To begin, install ROCm for your platform. For installation instructions, refer to the Linux or Windows installation guide.

Tip

If using Bash, we recommend you to set PATH=/opt/rocm/bin/:$PATH in your ~/.bashrc and refresh your shell using source ~/.bashrc. Alternatively, export the path for your current shell session only, using export PATH=/opt/rocm/bin/:$PATH.

Install OS dependencies#

Note

The steps below are for Ubuntu. For other distributions, use the appropriate package manager.
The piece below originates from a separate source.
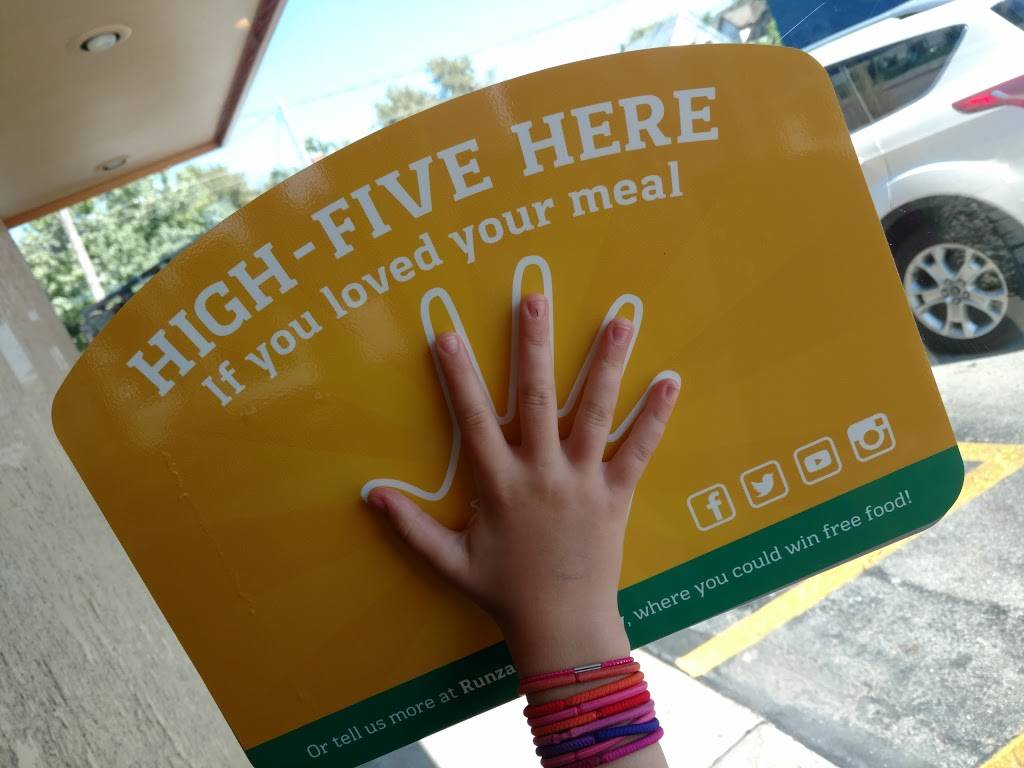 Runza Restaurant | restaurant | 2146 W Broadway, Council Bluffs, IA 51501, USA | 7123228935 OR +1 712-322-8935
  1. Install dependencies:

    apt-get install libyaml python3-yaml \
        libomp-dev libboost-program-options-dev libboost-filesystem-dev
    
  2. Install one of the following, depending on your preferred Tensile data format. If both are installed, msgpack is preferred:

    apt-get install libmsgpack-dev    # If using the msgpack backend
    
    # OR
    
    apt-get install libtinfo-dev      # If using the YAML backend
    
  3. Install build tools. For additional installation methods for the latest versions of CMake, see the CMake installation page.

    apt-get install build-essential cmake
    

Install Tensile from source#

To install Tensile from source, it is recommended to create a virtual environment first:

python3 -m venv .venv
source .venv/bin/activate

Then, you can install Tensile using pip or git.

Option 1: Install with pip#

pip3 install git+https://github.com/ROCmSoftwarePlatform/Tensile.git@develop

Option 2: Install with git#

git clone [email protected]:ROCm/Tensile.git && cd Tensile
pip3 install .

You can now run Tensile’s Python applications.

Running benchmark#

To run a benchmark, pass a tuning config to the Tensile program located in Tensile/bin.

For demonstration purposes, we use the sample tuning file available in Tensile/Configs/rocblas_sgemm_example.yaml. The sample tuning file allows you to specify the target architecture for which the benchmark will generate a library. To find your device architecture, run:

rocminfo | grep gfx

Specify the device architecture in the sample tuning file using ArchitectureName:. Based on the device architecture, use ArchitectureName: "gfx90a" or ArchitectureName: "gfx1030".

You can now run benchmarks using Tensile. From the top-level directory, run:

mkdir build && cd build
../Tensile/bin/Tensile ../Tensile/Configs/rocblas_sgemm_example.yaml ./

After the benchmark completes, Tensile creates the following directories:

  • 0_Build: Contains a client executable. Use this to launch Tensile from a library viewpoint.

  • 1_BenchmarkProblems: Contains all the problem descriptions and executables generated during benchmarking. Use the run.sh script to reproduce results.

  • 2_BenchmarkData: Contains the raw performance results of all kernels in CSV and YAML formats.

  • 3_LibraryLogic: Contains the winning (optimal) kernel configurations in YAML format. Typically, rocBLAS takes the YAML files from this folder.

  • 4_LibraryClient: Contains the code objects, kernels, and library code. This is the output of running TensileCreateLibrary using the 3_LibraryLogic directory as an input.